■ **PROBLEM TO WORK ON**: Before you return the entries below, strip out the pictures and keep all else exact.

INPUT DATA START

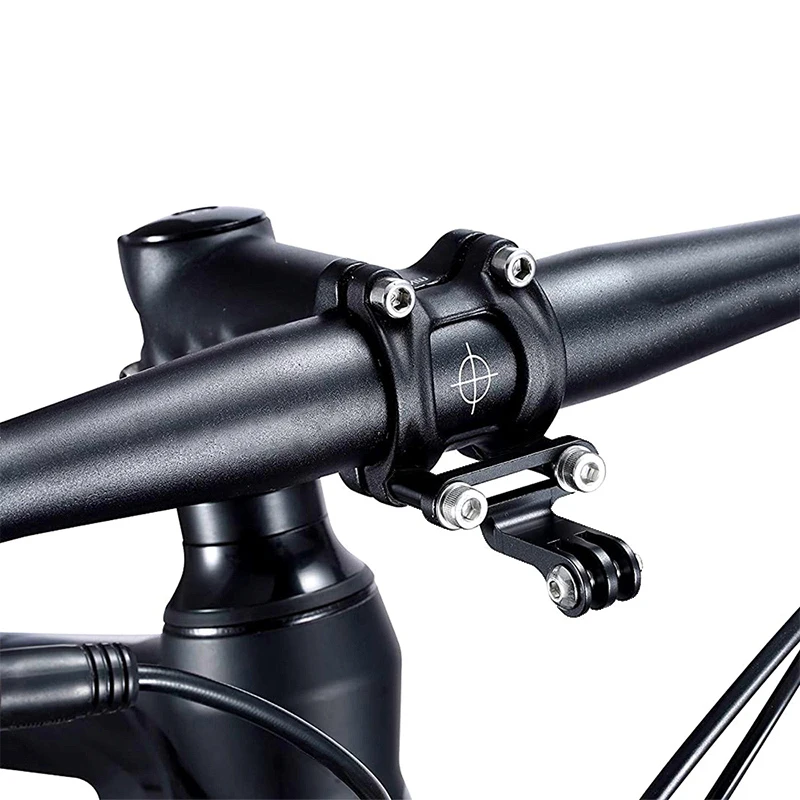 teyssor bicycle handlebar stem mount rack for gopro bracket camera adaptersports camera cnc alloy anodized bike front mount free global shipping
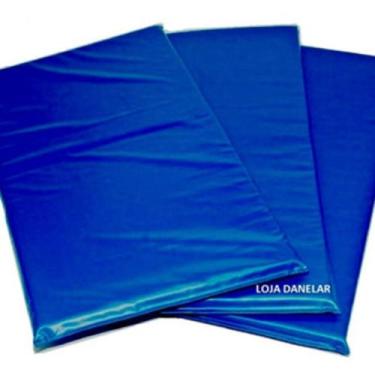 Imagem de Kit 3 Colchonete Academia / Yoga / Pilates - 90x40x3cm SC - flexmouve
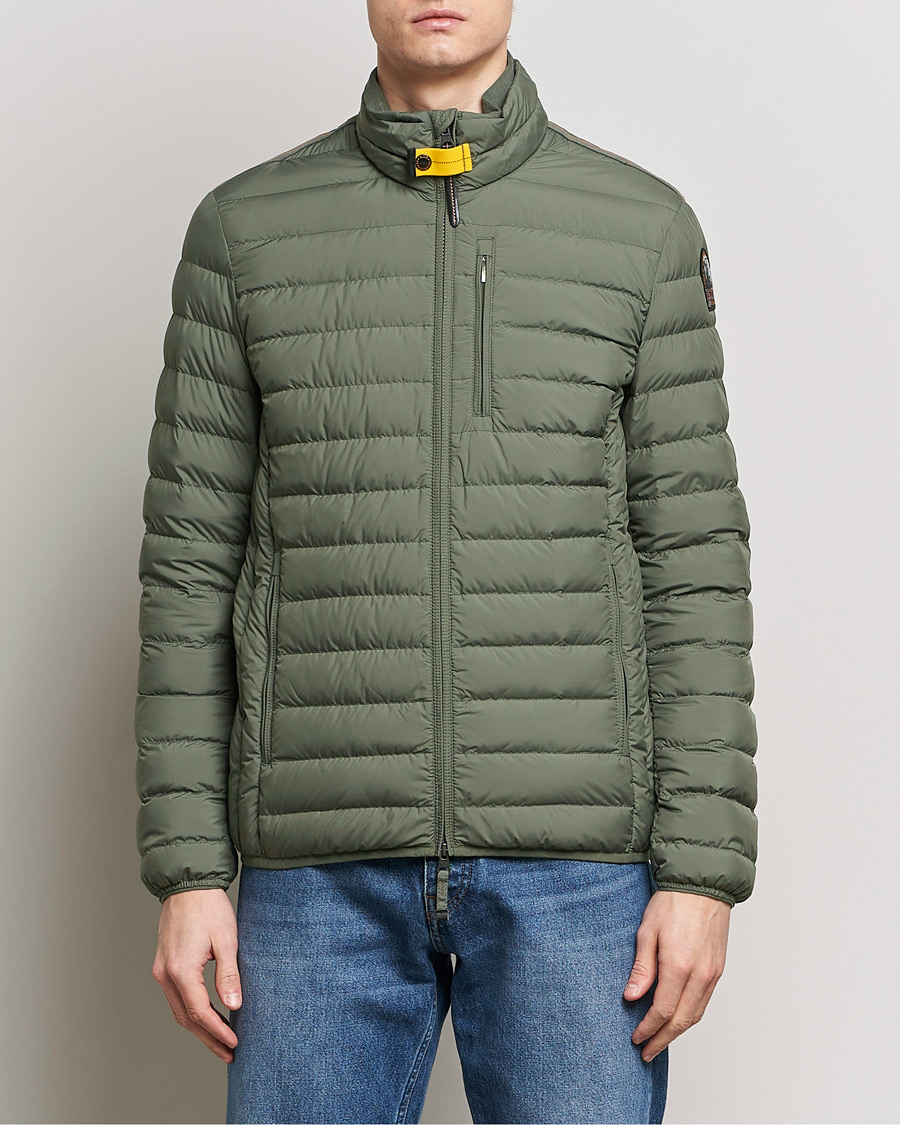 Herre | Jakker | Parajumpers | Ugo Super Lightweight Jacket Thyme Green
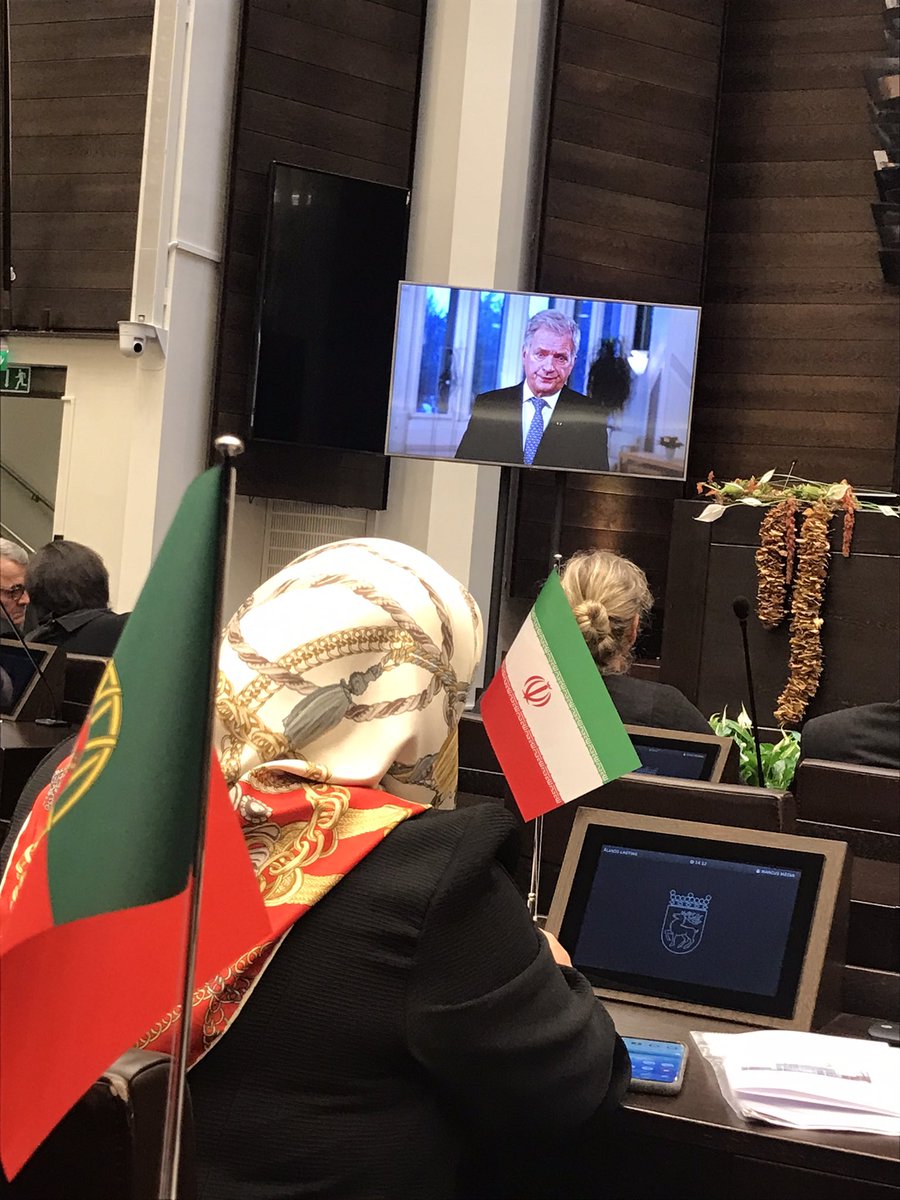 Ambassador <a href="/FVazPatto/">Francisco Vaz Patto</a> had the pleasure to participate in seminar on demilitarization and neutralization of Åland @Lagtinget, and to visit the region organized by local authorities in celebration of 100 Anniversary autonomy. Thank and congratulations on this special day!
#Åland100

INPUT DATA END

■ **SOLUTION TO THE EXERCISE**:
 teyssor bicycle handlebar stem mount rack for gopro bracket camera adaptersports camera cnc alloy anodized bike front mount free global shipping
 Imagem de Kit 3 Colchonete Academia / Yoga / Pilates - 90x40x3cm SC - flexmouve
 Herre | Jakker | Parajumpers | Ugo Super Lightweight Jacket Thyme Green
 Ambassador <a href="/FVazPatto/">Francisco Vaz Patto</a> had the pleasure to participate in seminar on demilitarization and neutralization of Åland @Lagtinget, and to visit the region organized by local authorities in celebration of 100 Anniversary autonomy. Thank and congratulations on this special day!
#Åland100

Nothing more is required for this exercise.